Concerned with nature's eternal cycle of decline and renewal, Daniel Hope's latest album for Deutsche Grammophon explores the creative relationship between music, art and the ever-changing calendar. For Seasons includes the violinist's first recording of Vivaldi's evergreen collection of seasonal concertos together with a dozen companion works associated with the months of the year. His choice of repertoire reveals the imaginative scope unlocked when composers turn for inspiration to the seasons and evokes our strength of attachment to the landmarks of passing time.

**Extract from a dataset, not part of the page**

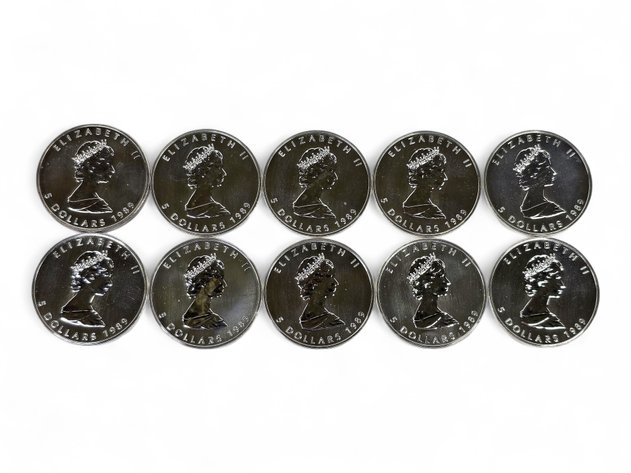 10x 1989 $5 1 ozt Canadian Silver Maple Leaf Coins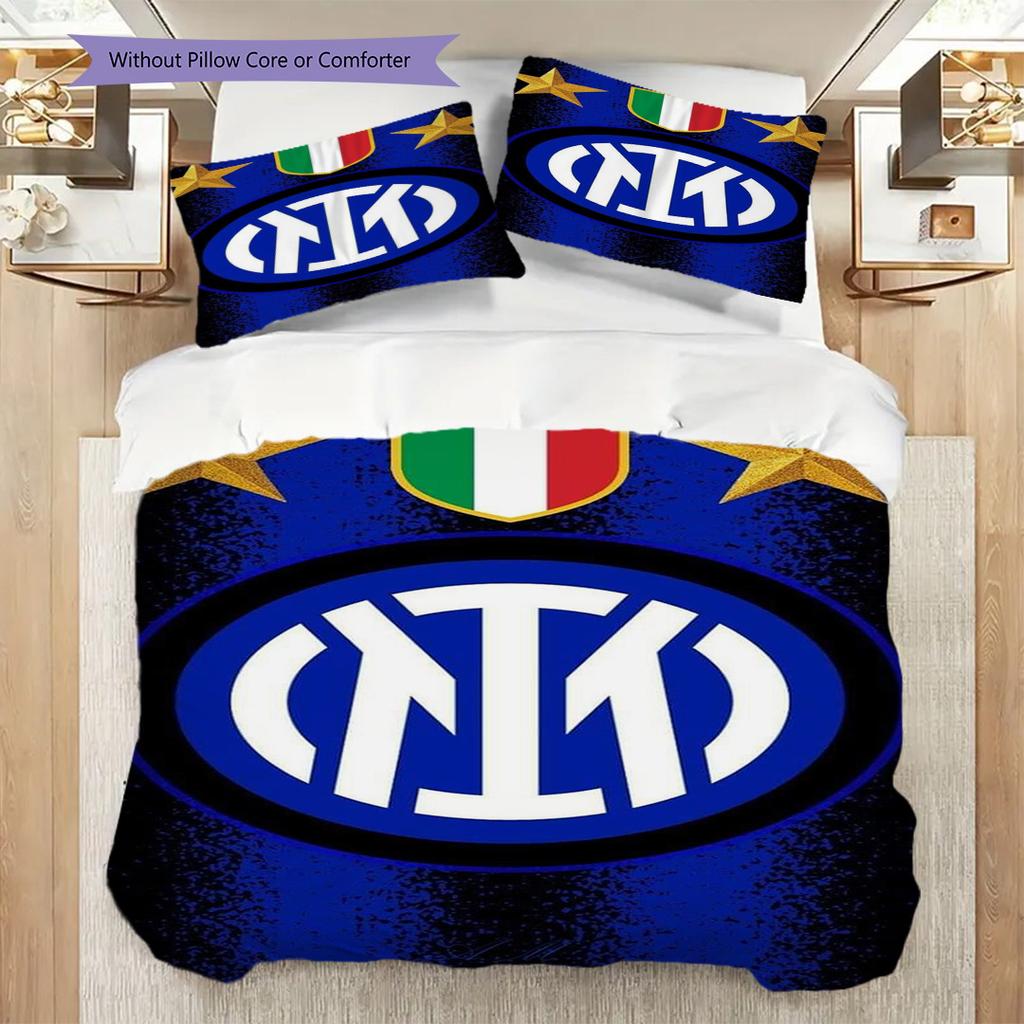 Biancheria da letto Colori Stelle Emblema Inter (1 * copripiumino + 2 * federa, senza nucleo) Copripiumino e federa 2D piatti, morbidi e confortevoli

Vivaldi's The Four Seasons leads the way in a program that spans everything from venerable compositions by Jean-Philippe Rameau, Johann Melchior Molter and Johann Sebastian Bach to recent works by Aphex Twin, Nils Frahm, Chilly Gonzales and Max Richter.

Daniel Hope:

Escape to Paradise: The Hollywood Album

"Daniel Hope is a force to be reckoned with." Gramophone

Deutsche Grammophon releases Classical BRIT-Award-winner Daniel Hope's new recording, Escape to Paradise: The Hollywood Album, in the US (The album is released in Europe a day earlier.) The British violinist has a "thriving solo career" per the New York Times, which "has been built on inventive programming and a probing interpretive style." The new release draws on Hope's extensive research into European composers - among them Eric Wolfgang Korngold, Miklós Rózsa, Hanns Eisler, and Franz Waxman to name a few - who fled fascist persecution to relocate to Los Angeles where they penned some of the 20th century's most iconic film scores. Recorded with Alexander Shelley leading the Royal Stockholm Philharmonic and guest artists including vocalists Sting and Max Raabe, Hope's unprecedented new collection juxtaposes examples of the émigré composers' film and concert music with selections by those they influenced – like leading contemporary movie composers John Williams, Ennio Morricone, and Thomas Newman – in a nostalgic search for the quintessentially lavish "Hollywood sound.

Daniel Hope:

My Tribute to Yehudi Menuhin

2016 marks the centennial of Yehudi Menuhin, the violin legend whose playing Einstein once cited as a reason to believe in God. To honor this anniversary, on February 5, six-time ECHO Klassik Award-winning violinist Daniel Hope releases his tenth Deutsche Grammophon recording, titled My Tribute to Yehudi Menuhin. Having grown up within the Menuhin household, Hope went on to partner him in more than 60 concert performances, sharing a close association with the older violinist that was truly unique. His new album celebrates the rich diversity of his friend and mentor's musical tastes, combining works by Vivaldi, Mendelssohn, Elgar, Ravel, Bartók, Tavener, Enescu, Jo Knümann, Steve Reich, Hans Werner Henze, and Bechara El-Khoury. 

Daniel Hope:

Hope@Home

Violinist Daniel Hope spent his period of social distancing by performing chamber concerts online from his living room in Berlin with specially invited guests including Christoph Israel, Till Brönner, Matthias Goerne and more. Deutsche Grammophon is proud to present Hope@Home the album, a selection from this series of livestream events which attracted a combined audience of 2.5M viewers. Every track is live, one take only. As Hope says, "There were no patches or editing, no second takes. Sometimes life doesn't allow for second takes. This was my world for six magical and highly unusual weeks. I hope you enjoy listening."

 

 

 

Daniel Hope:

Belle Epoque

It was the age of the Lumière Brothers, Alexander Graham Bell, Karl Benz, the Wright Brothers and Louis Blériot, Marie Curie and Louis Pasteur – an age not unlike our own, marked by rapid scientific and technological development as well as intense literary, artistic and musical activity. The Belle Époque, the period between the end of the Franco-Prussian War in 1871 and the outbreak of World War One in 1914, was a time of apparent peace and prosperity but with a darker reality of social and economic deprivation lying not far beneath its gilded surface. This era of creativity and contradiction has long fascinated Daniel Hope: "I often wish I had a time machine to go back to the salons of Paris, indeed to that entire age," he says.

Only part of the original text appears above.